I could tell you about the poem I wrote over the weekend. I could tell you about the coloured charcoal pencils I bought. I could even mention the erm ‘unique’ performance I gave for the benefit of YouTube. [Actually I probably wouldn’t have posted it without the musings on voice and the comment Cindy left about Tom Waites.] But, actually, right now my mind is elsewhere…
Right now I’m just feeling frustrated and incompetent. I found myself referring to myself as an ‘amateur visual artist’ and then realised I was an amateur at pretty much everything I do. I’m not sure my skills have value. I’m not sure how much I can really develop them. I suspect the desire to express myself creatively might be another in a long series of pipedreams. [As an aside I can’t hear the word ‘pipedream’ without imaging Super Mario Brothers.]
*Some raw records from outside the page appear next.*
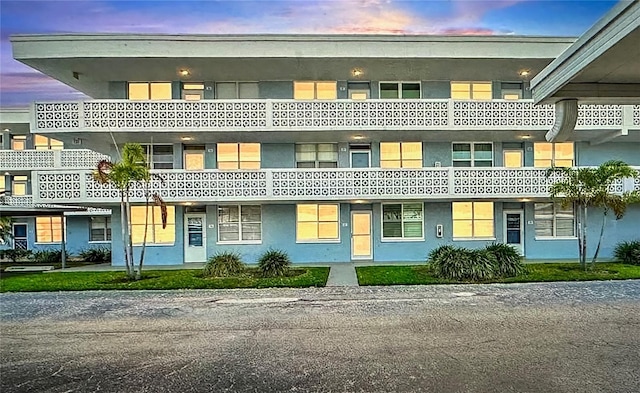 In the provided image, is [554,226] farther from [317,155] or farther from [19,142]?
[19,142]

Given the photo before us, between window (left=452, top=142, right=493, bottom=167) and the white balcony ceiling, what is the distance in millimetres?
3324

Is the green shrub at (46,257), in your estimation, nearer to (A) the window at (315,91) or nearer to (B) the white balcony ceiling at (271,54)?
(B) the white balcony ceiling at (271,54)

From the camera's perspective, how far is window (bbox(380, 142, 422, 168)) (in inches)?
730

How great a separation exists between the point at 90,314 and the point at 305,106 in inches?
427

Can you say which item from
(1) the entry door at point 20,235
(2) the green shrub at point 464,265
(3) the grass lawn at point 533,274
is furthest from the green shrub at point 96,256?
(2) the green shrub at point 464,265

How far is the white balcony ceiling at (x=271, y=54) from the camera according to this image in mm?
15791

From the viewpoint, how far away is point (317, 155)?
60.5 ft

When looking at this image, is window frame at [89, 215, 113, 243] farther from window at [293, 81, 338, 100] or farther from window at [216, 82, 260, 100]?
window at [293, 81, 338, 100]

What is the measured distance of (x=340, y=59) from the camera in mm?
16453

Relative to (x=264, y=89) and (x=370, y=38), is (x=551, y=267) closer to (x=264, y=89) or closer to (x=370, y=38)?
(x=370, y=38)

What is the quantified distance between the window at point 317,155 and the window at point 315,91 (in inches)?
83.4

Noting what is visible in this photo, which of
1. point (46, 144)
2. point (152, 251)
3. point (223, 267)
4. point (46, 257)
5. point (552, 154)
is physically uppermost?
point (46, 144)

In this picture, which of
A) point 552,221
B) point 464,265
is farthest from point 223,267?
point 552,221

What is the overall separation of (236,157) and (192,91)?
11.7 ft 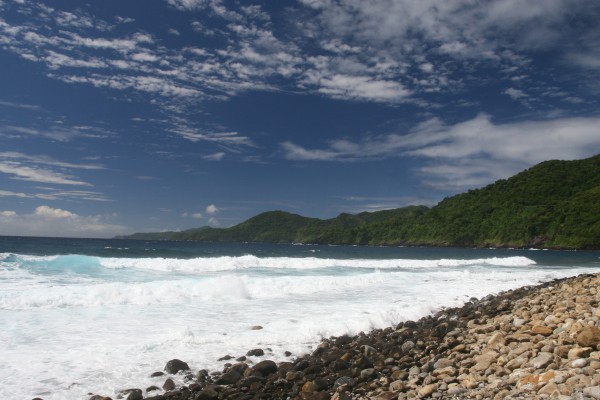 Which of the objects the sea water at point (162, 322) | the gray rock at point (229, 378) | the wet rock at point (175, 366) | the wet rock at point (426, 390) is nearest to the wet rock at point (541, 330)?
the wet rock at point (426, 390)

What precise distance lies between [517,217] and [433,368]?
9183 centimetres

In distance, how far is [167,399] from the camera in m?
5.46

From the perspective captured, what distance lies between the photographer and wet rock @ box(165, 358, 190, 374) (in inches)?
252

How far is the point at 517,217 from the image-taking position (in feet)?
281

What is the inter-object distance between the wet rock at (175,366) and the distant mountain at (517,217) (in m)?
79.6

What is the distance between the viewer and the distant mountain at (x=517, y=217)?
73938mm

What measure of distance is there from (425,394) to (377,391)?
0.71m

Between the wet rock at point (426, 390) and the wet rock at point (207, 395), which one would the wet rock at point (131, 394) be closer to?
the wet rock at point (207, 395)

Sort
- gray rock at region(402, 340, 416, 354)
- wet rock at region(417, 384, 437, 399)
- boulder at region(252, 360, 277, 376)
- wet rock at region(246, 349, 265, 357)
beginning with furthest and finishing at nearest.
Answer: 1. wet rock at region(246, 349, 265, 357)
2. gray rock at region(402, 340, 416, 354)
3. boulder at region(252, 360, 277, 376)
4. wet rock at region(417, 384, 437, 399)

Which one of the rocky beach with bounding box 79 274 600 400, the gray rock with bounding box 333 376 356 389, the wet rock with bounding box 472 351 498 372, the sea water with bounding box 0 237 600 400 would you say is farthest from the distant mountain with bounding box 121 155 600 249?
the gray rock with bounding box 333 376 356 389

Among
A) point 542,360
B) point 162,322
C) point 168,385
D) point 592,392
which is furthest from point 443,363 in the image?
point 162,322

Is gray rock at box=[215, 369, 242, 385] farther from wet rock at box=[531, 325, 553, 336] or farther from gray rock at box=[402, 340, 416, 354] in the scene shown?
wet rock at box=[531, 325, 553, 336]

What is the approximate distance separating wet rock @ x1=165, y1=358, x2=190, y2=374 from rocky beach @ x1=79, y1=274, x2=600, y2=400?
0.05 feet

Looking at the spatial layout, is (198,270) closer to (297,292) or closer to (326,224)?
(297,292) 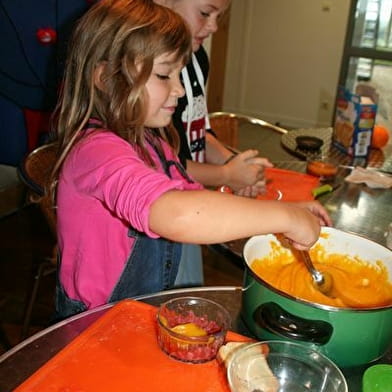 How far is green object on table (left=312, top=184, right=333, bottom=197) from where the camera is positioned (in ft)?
4.63

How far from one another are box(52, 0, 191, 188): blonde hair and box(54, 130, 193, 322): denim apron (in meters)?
0.05

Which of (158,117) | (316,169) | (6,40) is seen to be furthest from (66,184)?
(6,40)

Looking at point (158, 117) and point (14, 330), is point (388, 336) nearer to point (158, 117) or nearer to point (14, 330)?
point (158, 117)

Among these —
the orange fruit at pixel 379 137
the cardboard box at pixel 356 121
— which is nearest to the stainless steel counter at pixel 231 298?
the cardboard box at pixel 356 121

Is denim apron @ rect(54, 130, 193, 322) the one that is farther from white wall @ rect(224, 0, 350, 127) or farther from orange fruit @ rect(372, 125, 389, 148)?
white wall @ rect(224, 0, 350, 127)

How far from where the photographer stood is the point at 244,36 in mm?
4898

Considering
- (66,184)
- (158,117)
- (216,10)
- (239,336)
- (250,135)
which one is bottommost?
(250,135)

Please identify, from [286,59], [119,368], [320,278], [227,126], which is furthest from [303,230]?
[286,59]

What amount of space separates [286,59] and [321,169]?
3.55 metres

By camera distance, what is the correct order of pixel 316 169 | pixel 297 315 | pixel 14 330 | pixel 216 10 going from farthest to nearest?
pixel 14 330, pixel 316 169, pixel 216 10, pixel 297 315

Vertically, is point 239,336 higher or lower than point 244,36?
lower

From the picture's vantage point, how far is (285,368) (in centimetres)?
72

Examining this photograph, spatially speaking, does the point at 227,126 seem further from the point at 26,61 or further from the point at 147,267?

Life is hard at the moment, hard and confusing. While I am making an effort to paint and draw, I’m being constantly reminded by real world forces that it isn’t a priority. Infact I’m sure many see it as a pointless frivolity. It is hard to make the case for it, actually. Not even making a case for art so much as justifying the time, energy and other resources I devote to doing it. I think sometimes it would be easier to justify if I had some natural ability for it, that the merits of doing it would somehow be more obvious if I was a prodigy of some kind. But I’m not. I’m a beginning artist, a clumsy, hopeless, floundering wannabe.
Anyway it’s late and I’m tired and emotional. I’m hoping I can find a way to make things work and in the meanwhile I guess I just have to accept frustration as a part of life and as fodder for the creation of art. I feel like I haven’t been blogging enough lately and while I’d like to make assurances that this will change the truth is everything is so up in the air that it would be foolish to do so. (The wheels kind of fell off the ‘vlog everyday in July’ bandwagon too.)